TIME

America Can’t Fix Europe’s Russian Energy Problem

Gasoline pump at gas station
Kyoungil Jeon—Getty Images

With the tumult in the Ukraine continuing, there’s been a lot of talk over the last week about how the U.S. may have a major lever in the fight against Putin’s Russia—petro-politics. Usually, it’s emerging markets like Russia that use oil and gas as a political tool. And indeed, the fact that countries like Germany get about a third of their energy from Russia is a key reason that Europe hasn’t been as willing to go along with trade sanctions in the past. Sure, the Russians need Europe as much as Europe needs them (if not more)—about 70 percent of Russia’s export revenues come from oil and gas, much of it sold to the Continent. But no European leader wants to risk an energy shortfall or peak prices in the middle of winter.

The question is whether the U.S., which is becoming a major shale oil and gas producer in its own right, can actually do anything to help Europe loosen the Russian energy noose. The Obama administration believes it can, and is pushing to accelerate the process of getting American liquid natural gas (LNG) online and ready for export. A front-page story in the New York Times hinted that American energy could make a big difference in Europe, and in the conflict with Russia.

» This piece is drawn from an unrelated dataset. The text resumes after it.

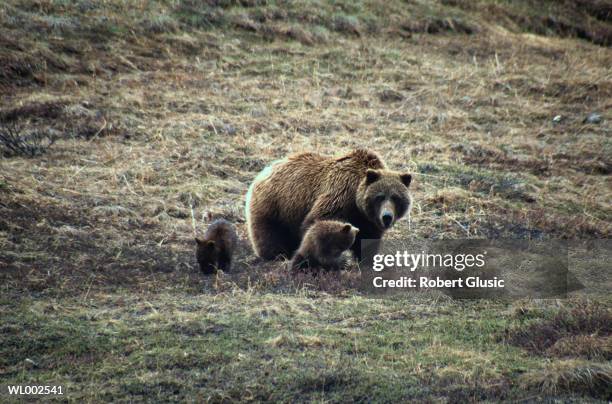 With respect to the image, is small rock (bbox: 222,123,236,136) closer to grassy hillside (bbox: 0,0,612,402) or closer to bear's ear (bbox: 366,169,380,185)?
grassy hillside (bbox: 0,0,612,402)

I think that view is overly optimistic. Here are three reasons why:

  1. LNG is, and remains, a very localized market. The first LNG export port to clear the Federal Energy Regulatory Commission (FERC) hurdle is Cheniere Energy’s Sabine Pass port, on the Sabine Pass River on the border between Texas and Louisiana. But it won’t come online until late 2015 at the very earliest—possibly even 2016. The next three ports on the wait list haven’t even been green lighted.
  2. The U.S. isn’t producing a lot of shale oil and gas yet, anyway. While the U.S. energy department is predicting that shale oil production will climb to about 10 million barrels per day by 2017, right now, it’s about 3 million bpd. Given that America itself consumes over 90 million bpd of fossil fuel, it’s not as if we are about to become a major energy exporter, even as our own production rises.
  3. We need cheap energy at home if we are going to fuel the manufacturing renaissance. We’ve heard a lot about the growth of manufacturing in America over the last few years. But a big part of that story is easier access to cheap shale oil and gas here at home. American business wants to build pipelines to take Western shale oil and gas to Rust Belt factories to improve competitiveness. If we start to see much of it going to Europe, we may have a political and/or trade fight on our hands.

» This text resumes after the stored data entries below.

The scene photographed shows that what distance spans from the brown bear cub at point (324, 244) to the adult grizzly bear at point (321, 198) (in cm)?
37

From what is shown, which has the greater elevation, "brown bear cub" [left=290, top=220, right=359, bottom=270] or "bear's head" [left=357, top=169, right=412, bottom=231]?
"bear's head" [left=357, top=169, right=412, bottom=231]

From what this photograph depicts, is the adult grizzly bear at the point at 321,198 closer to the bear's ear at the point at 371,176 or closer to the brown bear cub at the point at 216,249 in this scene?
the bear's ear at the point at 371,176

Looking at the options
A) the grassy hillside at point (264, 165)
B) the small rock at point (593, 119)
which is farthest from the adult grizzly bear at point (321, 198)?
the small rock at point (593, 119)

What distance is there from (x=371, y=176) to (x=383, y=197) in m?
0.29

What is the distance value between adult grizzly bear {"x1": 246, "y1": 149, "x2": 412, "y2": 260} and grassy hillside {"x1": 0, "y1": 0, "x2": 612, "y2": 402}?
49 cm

The bottom line: American can’t save Europe when it comes to energy. The Continent needs to wean itself off Russian gas, no question. But it’s more likely to do that by rethinking its recent reductions in nuclear energy and overly generous subsidies for green energy (which have pushed up prices), as well as by looking abroad to places like West Africa for new energy sources than by counting on the US for a quick energy fix. While America’s push to speed up the LNG approval process may send a useful political message to Putin, it won’t change the European energy dynamic on the ground anytime soon.